The success and proliferation of email marketing, or advertising via email messages, offers linguists a new area of computer-mediated communication to study. Computer-mediated communication (CMC) refers to “predominantly text-based human-human interaction mediated by networked computers or mobile telephony” (Herring 2007) and it includes all types of email. Email marketing is a new genre for CMC research because even though it has been a popular form of marketing for over a decade, it still remains relatively understudied by linguists in comparison to personal and workplace email communication. Email marketing, however, is used by over 90% of businesses in the UK (DMA 2014) and almost 70% of US internet users prefer email as the method to communicate with businesses (Hanington 2015). As a text type that has a financial value placed on it by its creators, email marketing offers finer grained metrics to be used in an analysis than ever before (Jenkins 2009). These metrics show statistics such as how many people received a certain email marketing text, how many people opened it and how many followed the email through to the company’s or product’s website.

Email marketers spend a lot of time crafting their messages to particular audiences and they use every available linguistic resource to stand out from the crowd in potential customers’ inboxes. In writing subject lines, marketers do not have the ability to use italics, bold face, images, video, or other multimodal resources – unformatted written text is all they have to accomplish their goal of getting customers to open the email. This has led to the marketers using quite inventive forms of non-standard variations, which can be seen in this study. It has also led to marketers researching which linguistic features will be more successful. Rather than starting on the part-of-speech level though, the research usually isolates specific linguistic features that are in successful subject lines. Assumptions are then made based on which part of speech these words belong to. These assumptions include claims that success comes from using “verb[s] that demand action” in a subject line (MacArthur 2016), or from using “superlative elements” such as adjectives, adverbs and exclamation points (Phrasee 2015), or from adding customers’ names to subject lines (Neel 2013).

Although marketing emails have received some attention from scholars (for example, Cheung 2008), and although there is no shortage of marketing guides which claim what successful subject lines should include, there is still no account of what subject lines actually look like linguistically. They have been almost entirely ignored by researchers.
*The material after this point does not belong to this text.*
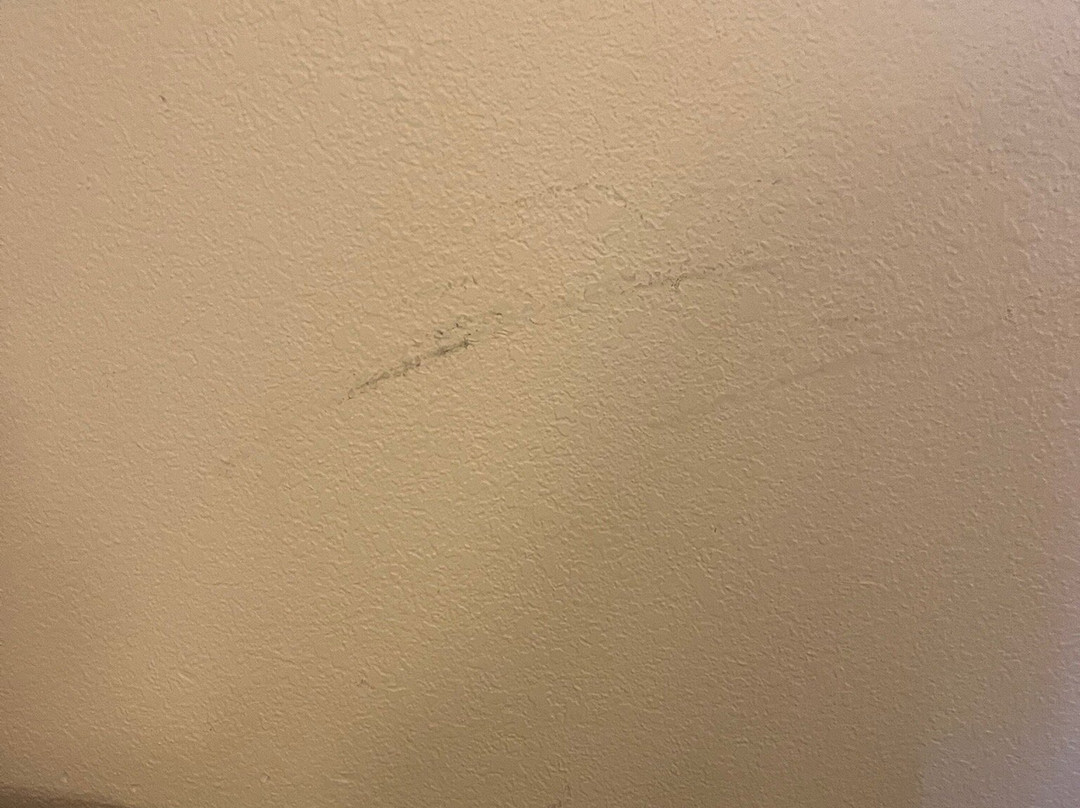 劳伦斯堡呗盟套房酒店主图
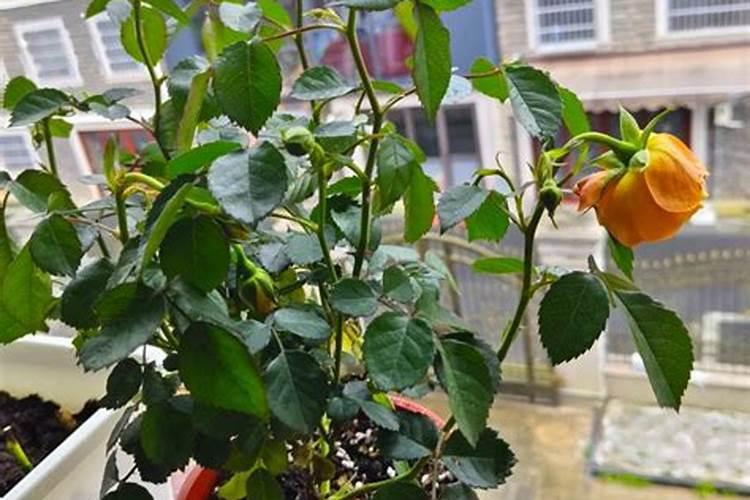 希腊人日常饮食中常见的食物是什么？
This article uses a corpus of 2,021 email marketing subject lines which were sent over 84 million times to analyze certain basic parts of speech and common linguistic features of email marketing. [1] Each subject line is tested for whether it includes a noun, verb, adjective, adverb, pronoun, exclamation point, a non-standard variation, the name of a product, a customer’s name, or a numeral. The variables of parts of speech and linguistic features are paired with open rates for each subject line to see if any of them correlate with success. Some of the variables are then combined to offer a more detailed picture of the linguistic nature of email subject lines. The results of this study show that some of the claims made by marketing guide books about how to write subject lines can be supported. Furthermore, the results add to the field of CMC studies by providing data on a text type that has so far not received enough attention. The results also show the similarities and differences between email marketing and other forms of CMC. Subject lines in email marketing, in contrast to those in other forms of email communication, are considered to be just as important as email body texts.
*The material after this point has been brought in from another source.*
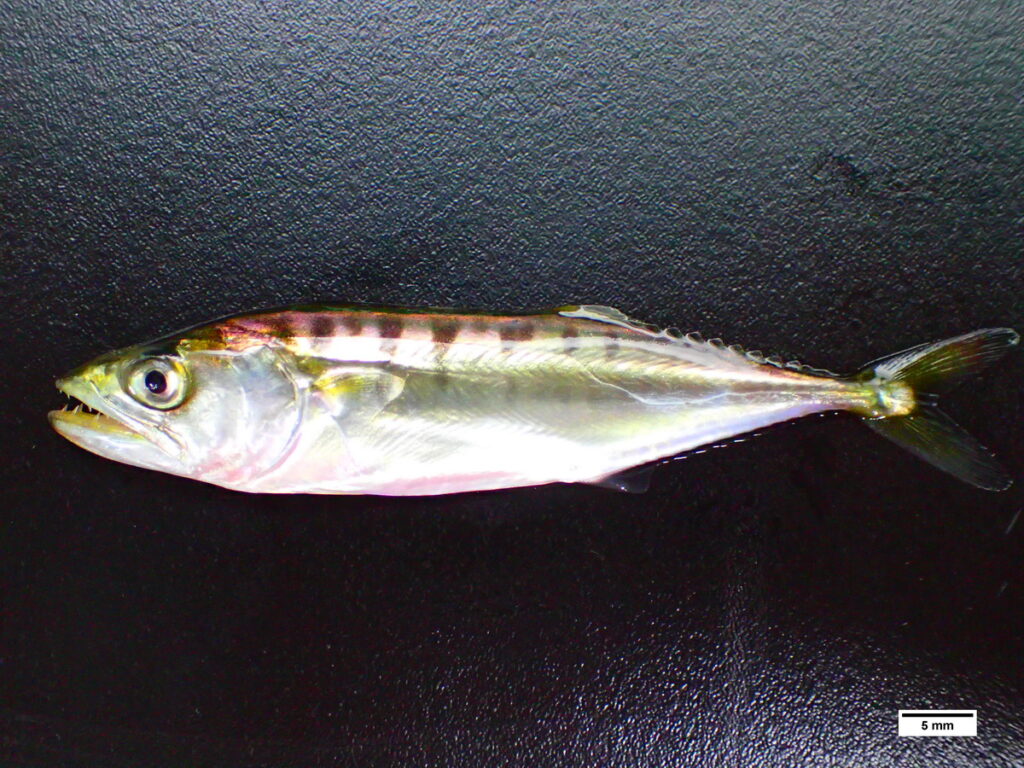 孵化後第26天之康氏馬加鰆稚魚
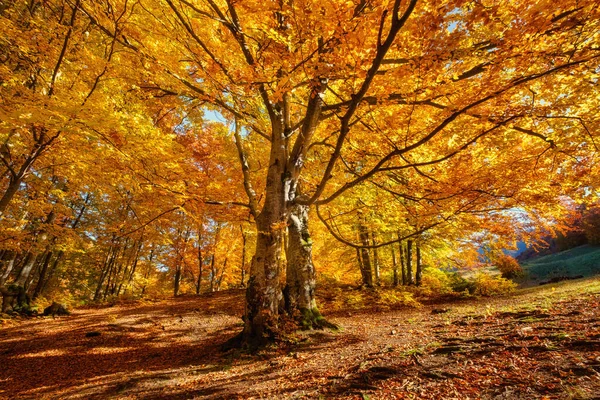 Raios Solares Através Árvores Outono Paisagem Natural Outono Floresta Floresta — Fotografia de Stock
The study presented in this paper starts from the linguistic feature level to see whether any of the features actually correlate with success. The research question is whether the methods of corpus linguistics can be applied to email marketing to show which linguistic features are common in successful email marketing. If some linguistic features can be shown to correspond with a positive success metric, such as average open rate, then it may be possible to produce a template which incorporates the linguistic data and metadata to allow marketers to produce texts that have a better chance at success. Templates are desirable in email marketing because marketers know that recipients scan their emails. So a familiar format, layout and/or language is welcome to both marketer (by making the creation of the texts faster and easier) and recipient (by making the reading/scanning faster and easier). The emails that professional email marketers send (and the ones analyzed here) are not spam, but messages that recipients opted in to receive. A template could even be expected by recipients, i.e. they want all of the emails from one company to look and read the same way every time.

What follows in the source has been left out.